Compression algorithms specifically optimized for HTML content? - html

Are there any compression algorithms -- lossy or lossless -- that have been specifically adapted to deal with real-world (messy and invalid) HTML content?
If not, what characteristics of HTML could we take advantage of to create such an algorithm? What are the potential performance gains?
Also, I'm not asking the question to serve such content (via Apache or any other server), though that's certainly interesting, but to store and analyze it.
Update: I don't mean GZIP -- that's obvious -- but rather an algorithm specifically designed to take advantage of characteristics of HTML content. For example, the predictible tag and tree structure.

Brotli is a specialized HTML/english compression algorithm.
Source: https://en.wikipedia.org/wiki/Brotli
Unlike most general purpose compression algorithms, Brotli uses a
pre-defined 120 kilobyte dictionary. The dictionary contains over
13000 common words, phrases and other substrings derived from a large
corpus of text and HTML documents.[6][7] A pre-defined dictionary can
give a compression density boost for short data files.

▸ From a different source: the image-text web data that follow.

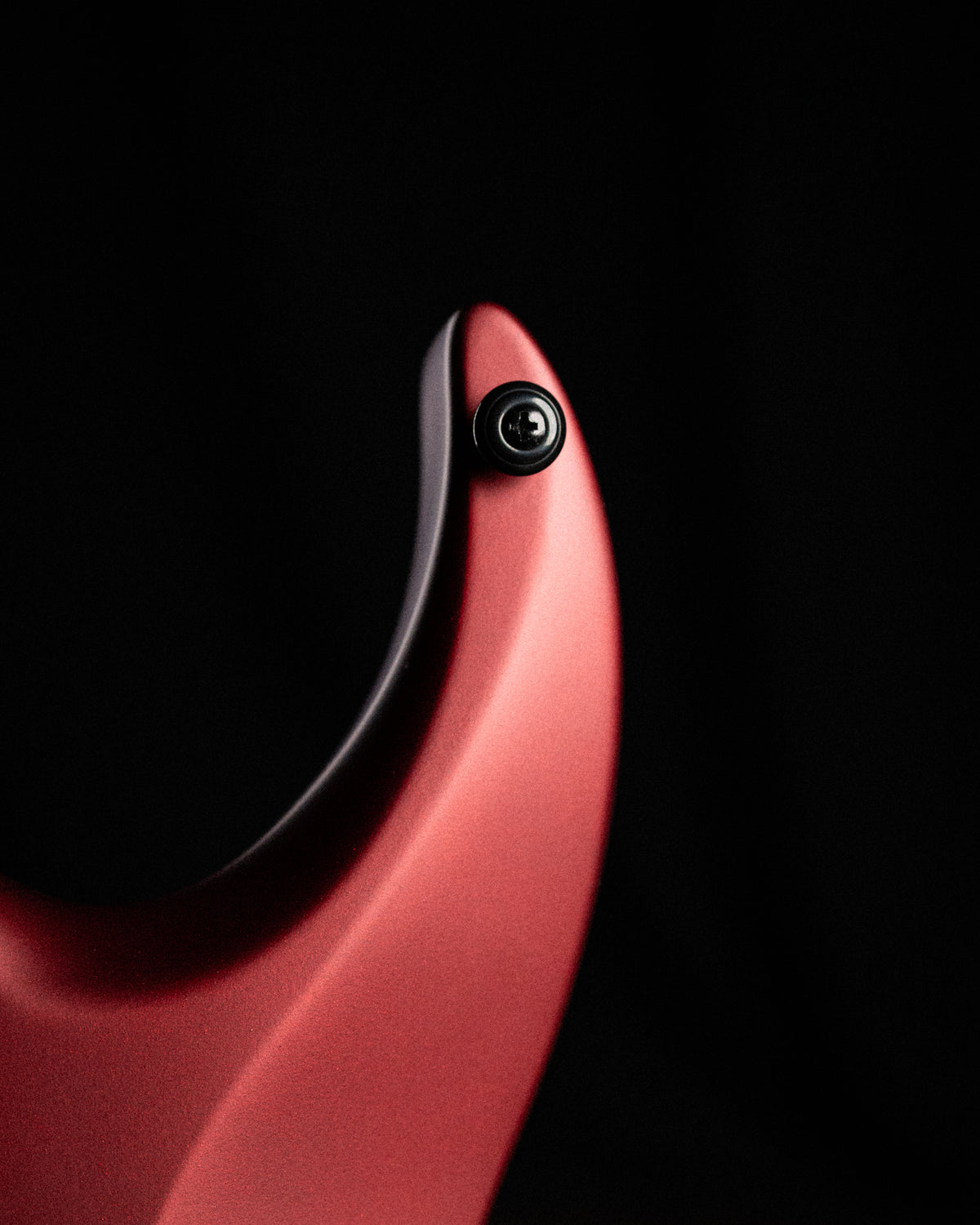 ēmi 6 // Legion // Crimson Metallic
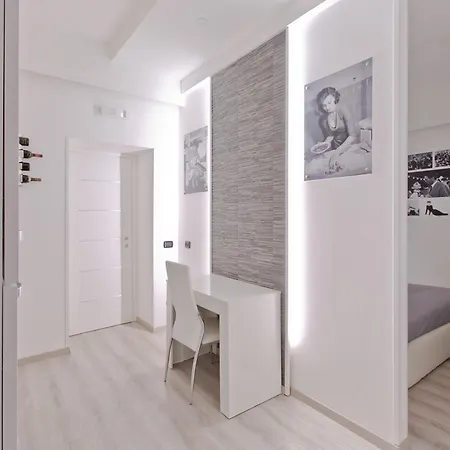 New House 2 روما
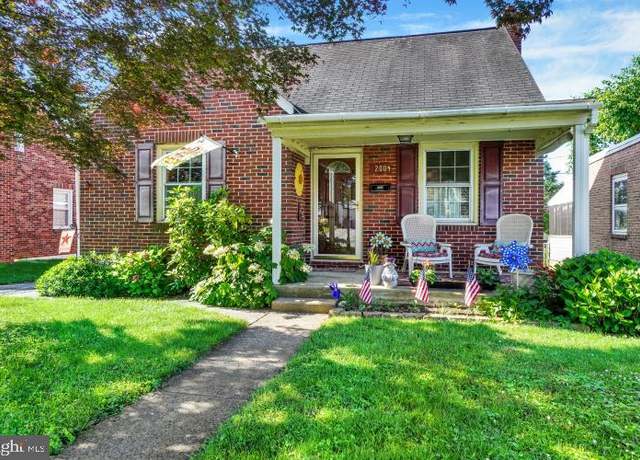 Property at 2004 Orange St, York, PA 17404, 3 beds, 1 bath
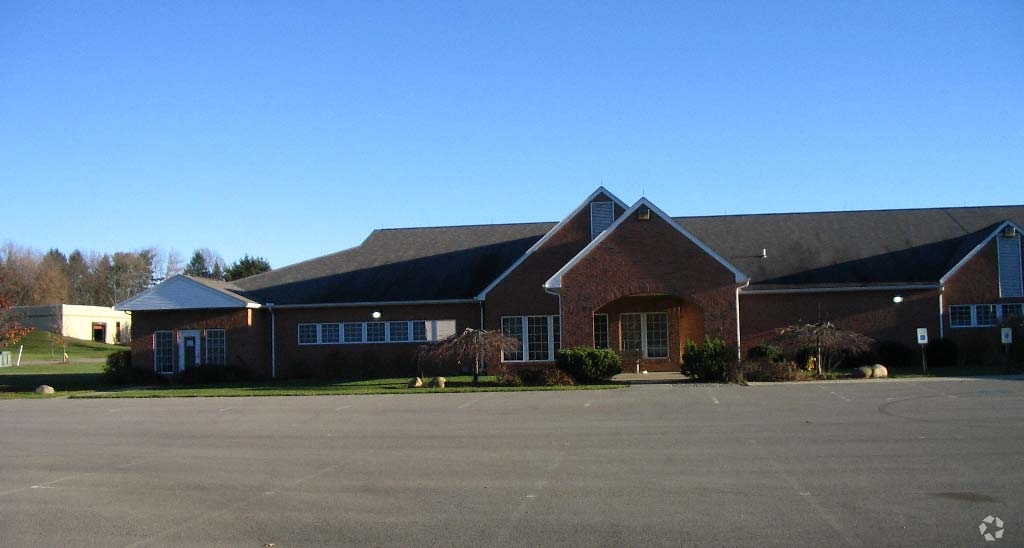 110 Arrowhead Dr, Slippery Rock, PA for Rent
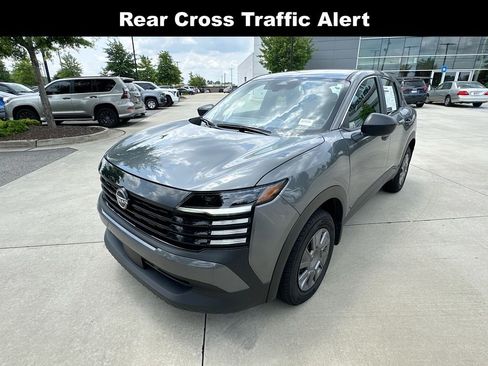 Used 2025 Nissan Kicks S FWD image 5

I do not know of "off-the-shelf" compression library explicitly optimized for HTML content.
Yet, HTML text should compress quite nicely with generic algorithms (do read the bottom of this answer for better algorithms). Typically all variations on Lempel–Ziv perform well on HTML-like languages, owing to the highly repeatitive of specific language idioms; GZip, often cited uses such a LZ-based algoritm (LZ77, I think).
An idea to maybe improve upon these generic algorithms would be to prime a LZ-type circular buffer with the most common html tags and patterns at large. In this fashion, we'd reduce the compressed size by using citations from the very first instance of such a pattern. This gain would be particularly sensitive on smaller html documents.
A complementary, similar, idea, is to have the compression and decompression methods imply (i.e. not send) the info for other compression's algorithm of an LZ-x algorithm (say the Huffman tree in the case of LZH etc.), with statistics specific to typical HTML being careful to exclude from characters count the [statistically weighted] instances of character encoded by citation. Such a filtered character distribution would probably become closer to that of plain English (or targeted web sites' national languge) than the complete HTML text.
Unrelated to the above [educated, I hope] guesses, I started searching the web for information on this topic.
' found this 2008 scholarly paper (pdf format) by Przemysław Skibiński of University of Wrocław. The paper's abstract indicates a 15% improvement over GZIP, with comparable compression speed.
I may be otherwise looking in the wrong places. There doesn't seem to be much interest for this. It could just be that the additional gain, relative to a plain or moderately tuned generic algorithm wasn't deemed sufficient enough to warrant such interest, even in the early days of Web-enabled cell phones (when bandwidth was at quite a premium...).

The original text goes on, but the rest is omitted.